Love is in the air as Valentine’s Day approaches to keep us warm from the cold. Shortly after, Easter comes bustling in with sweet tooth cravings for chocolate eggs and chocolate bunnies. Do you smell the intoxicating aroma of chocolate being sold in stores everywhere already? Does it make your mouth water as you hope to receive some from your sweetheart?
The taste of chocolate may turn out to not be as sweet or as lovely as you think, for there is a great bitterness attached to it. Have you ever thought about the process of creating chocolate?
Bitter Slavery Behind Chocolate Production
It begins with the gathering of cacao (cocoa) beans, usually found in Cote d’Ivoire (such as village of Sika Nti), Ghana, Mali, and a few other select countries in the world. Advocacy group International Labor Rights Forum (ILRF) states:
“Estimates indicate that 500,000 to 1.5 million children are engaged in agricultural labor on cacao farms – much of which is considered hazardous child labor. … Even more concerning, recent research indicates that child trafficking may be on the rise.” (source)
Planting and picking cacao is actually very rough and dangerous work.
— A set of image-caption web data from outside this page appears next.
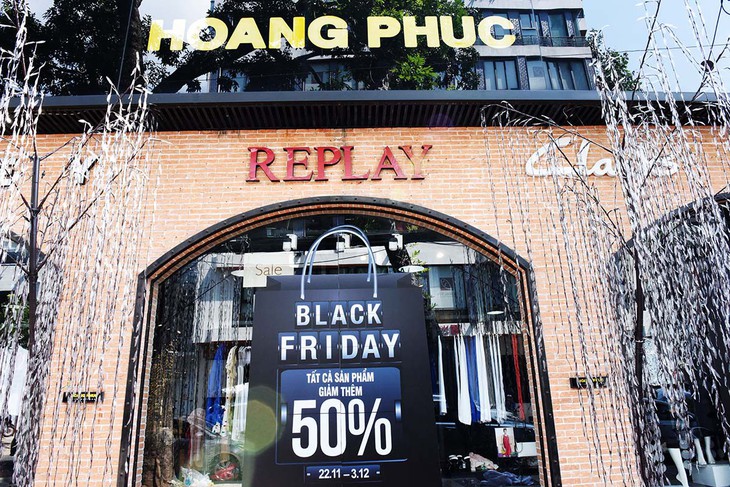 Black Friday:  Ưu đãi khủng tại Hoàng Phúc - Ảnh 1.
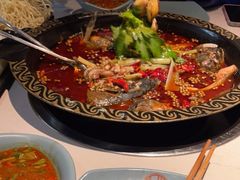 -蛙老爹·蜀香美蛙鱼头(王家湾店)
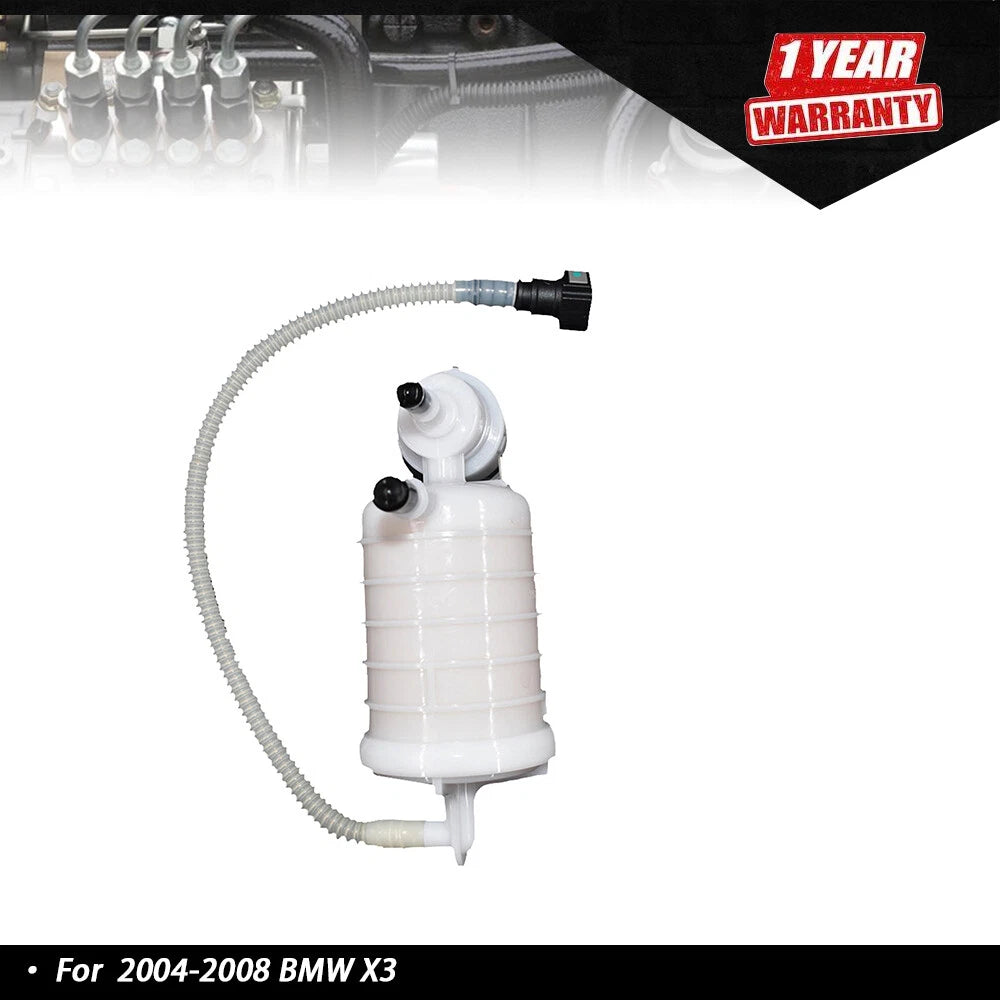 Fuel Filter with Pressure Regulator for BMW X3 (2004–2008)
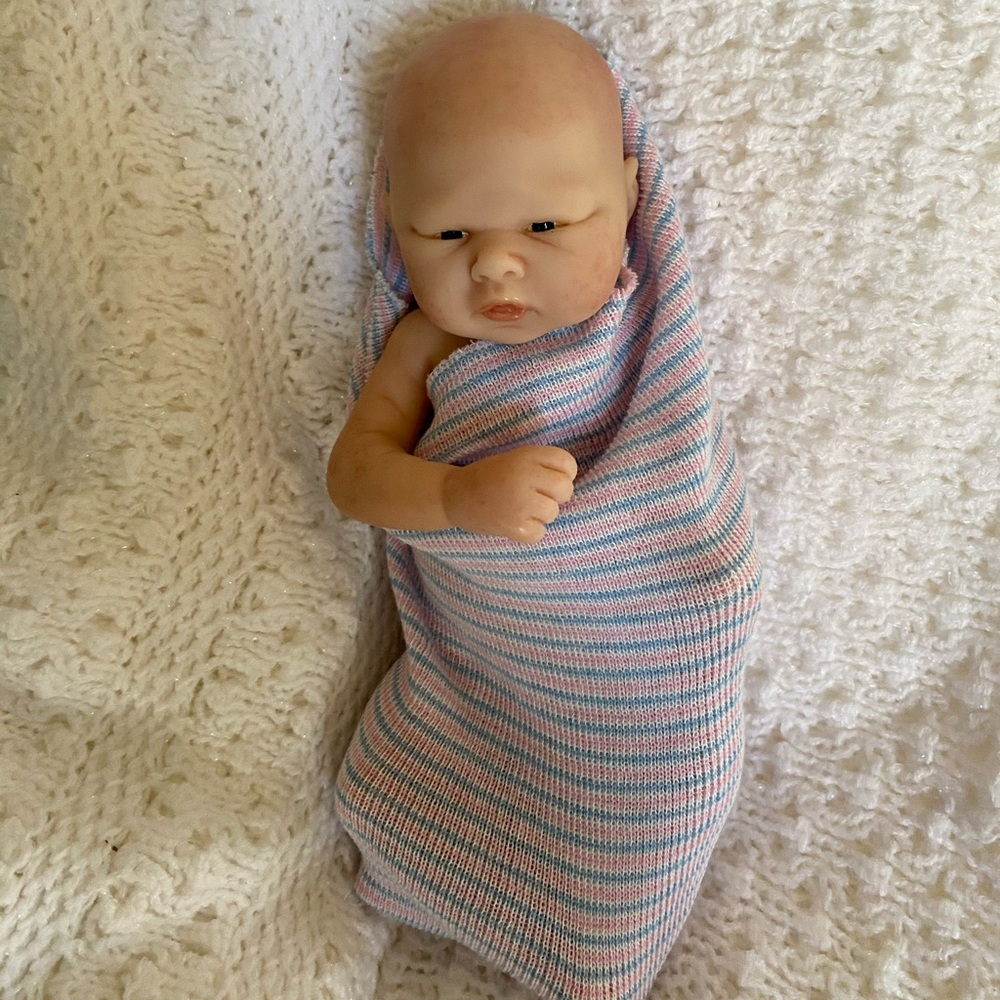 Anatomically correct Julie by Adriesdolls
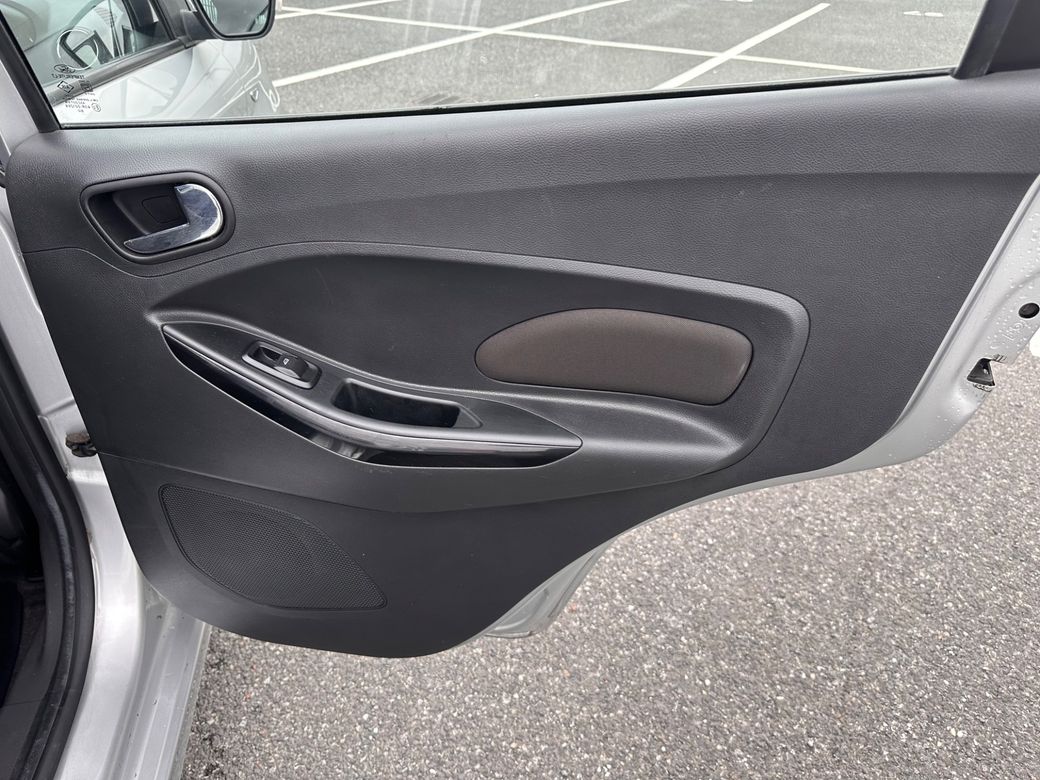 2018 Ford Ka+
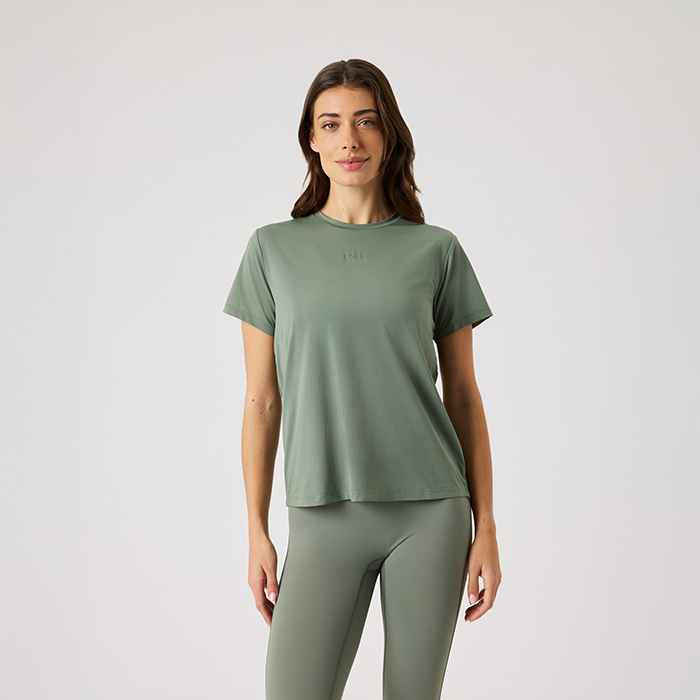 Sports T‑shirt Gr&oslash;n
Children have to use sharp machetes on the trees and spray insecticides and herbicides without any protection. These children want an education but are instead forced into hard labor. This comes usually by living in poverty. Their families need the money, but they make far less than minimum wage and work up to 100 hours per week. Their palms swell from weeding large areas of land and exposure to chemicals reacting to the blood they shed.
One rescued man said this:
“Our master used us as slaves. He took us there and never paid us a penny. He said that if anyone escaped, they would be caught and killed.”
This man also explained how, if someone tried to run away, they would get tied up, stripped naked, and viciously beaten in front of the other slaves to be made an example of.
“A moving exchange came as Kate asked a young man named Amadou how he felt about his five and a half years in slavery. Amadou replied with remarkable sensitivity: ‘When I think of all that suffering, it hurts my heart deeply. I want to say so much, but I just can’t find the words.’ Kate then explained to him that cocoa was used to make chocolate, a sweet food that people love, but Amadou said he never knew this and had never tasted it. When he was then asked if he had anything to say to the millions of people who eat chocolate every day, Amadou replied, ‘If I had to say something to them, it would not be nice words. They enjoy something I suffered to make; I worked hard for them, but saw no benefit. They are eating my flesh.’”
The quotes above were taken from the book Ending Slavery: How We Free Today’s Slaves by Kevin Bales. Click on the title or cover image to explore this resource further.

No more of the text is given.